Task goal: Could you transcribe exactly the lines below, from the line with "Elastic pants with silver zippers" through the line with "Black Vinyl-Coated Chain", and nothing else, leaving out the pictures?

Provided records:
Segment Open
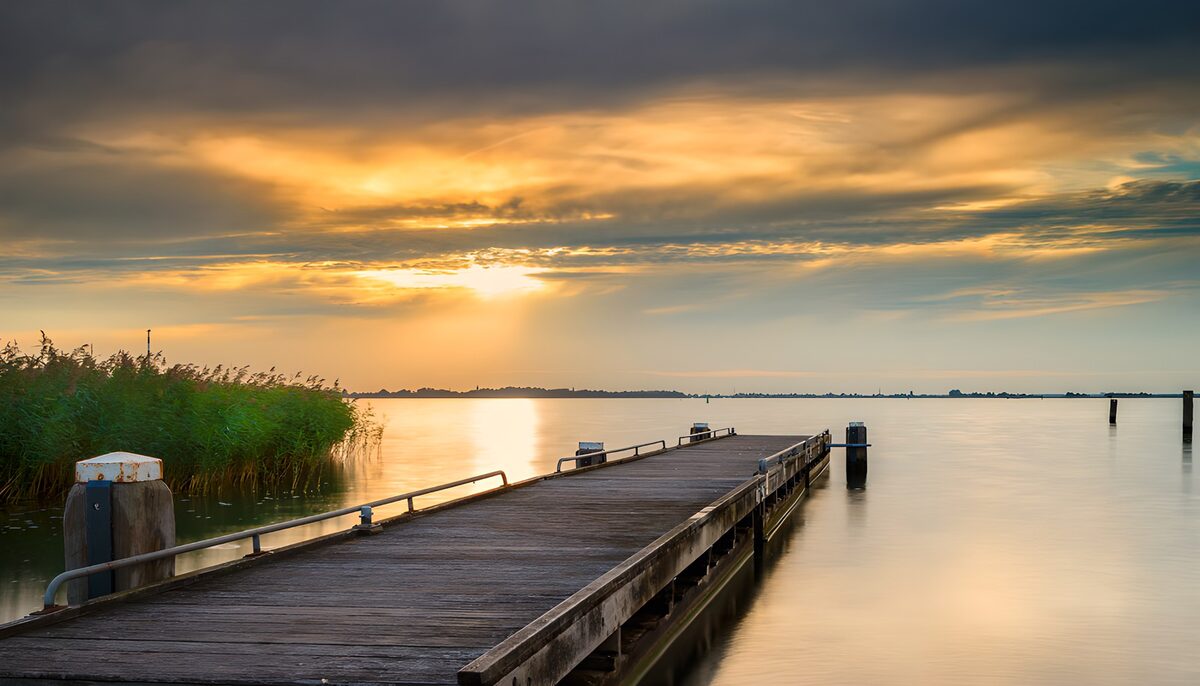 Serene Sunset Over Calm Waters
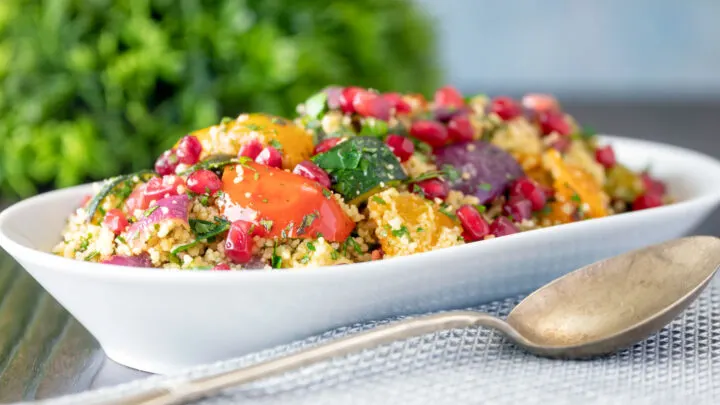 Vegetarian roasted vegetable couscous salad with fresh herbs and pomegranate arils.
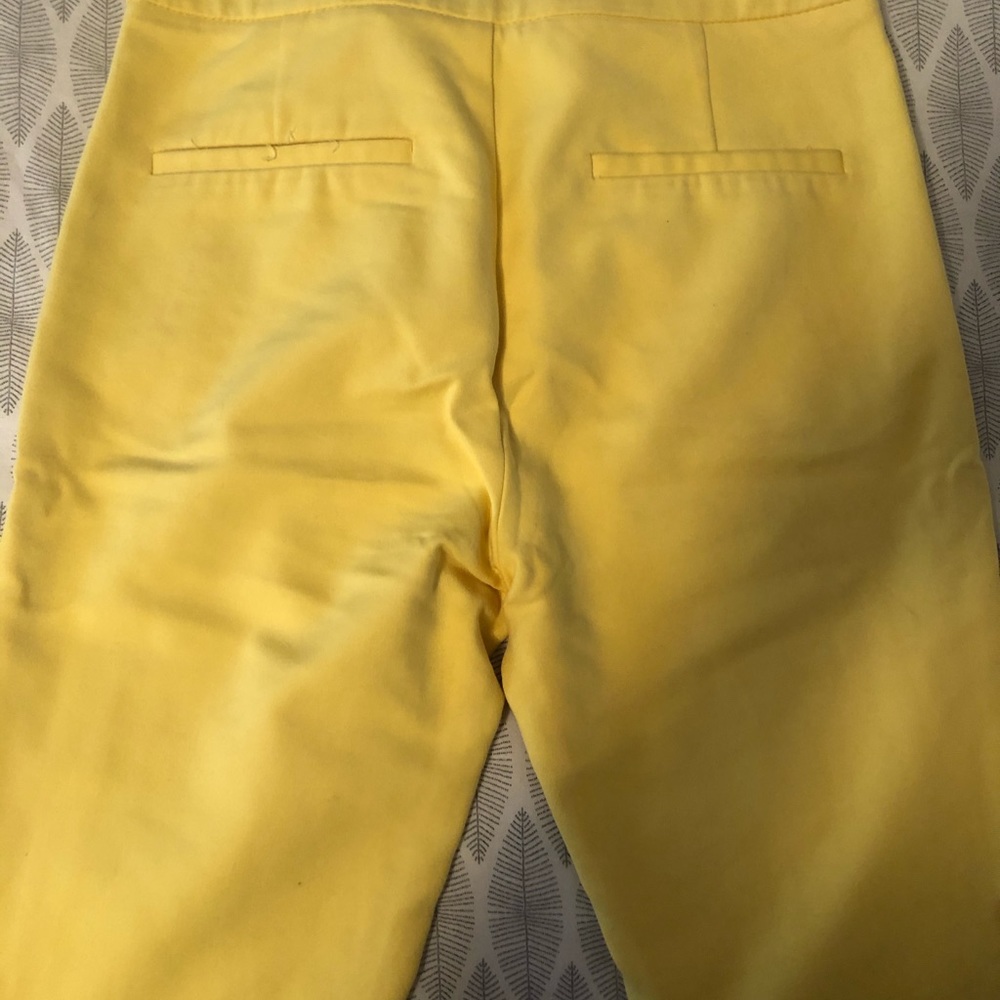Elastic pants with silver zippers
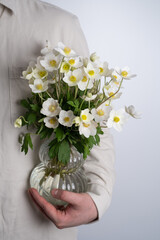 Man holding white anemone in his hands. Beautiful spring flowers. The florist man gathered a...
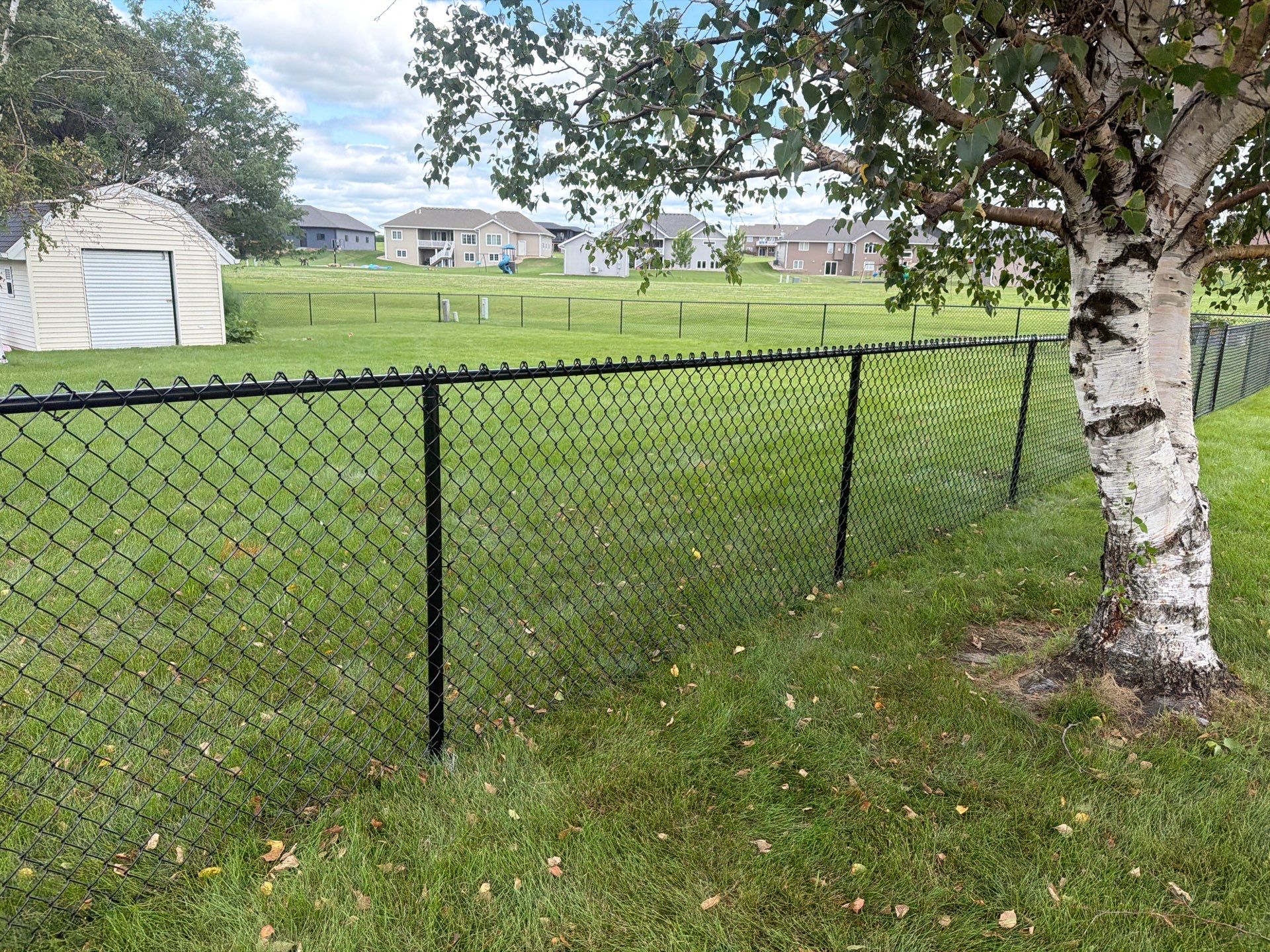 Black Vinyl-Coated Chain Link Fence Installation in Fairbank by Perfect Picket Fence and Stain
Segment Closed
Segment Open
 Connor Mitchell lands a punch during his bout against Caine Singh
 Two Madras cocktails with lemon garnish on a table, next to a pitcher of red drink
Segment Closed
Worked solution:
Elastic pants with silver zippers
 Man holding white anemone in his hands. Beautiful spring flowers. The florist man gathered a...
 Black Vinyl-Coated Chain Link Fence Installation in Fairbank by Perfect Picket Fence and Stain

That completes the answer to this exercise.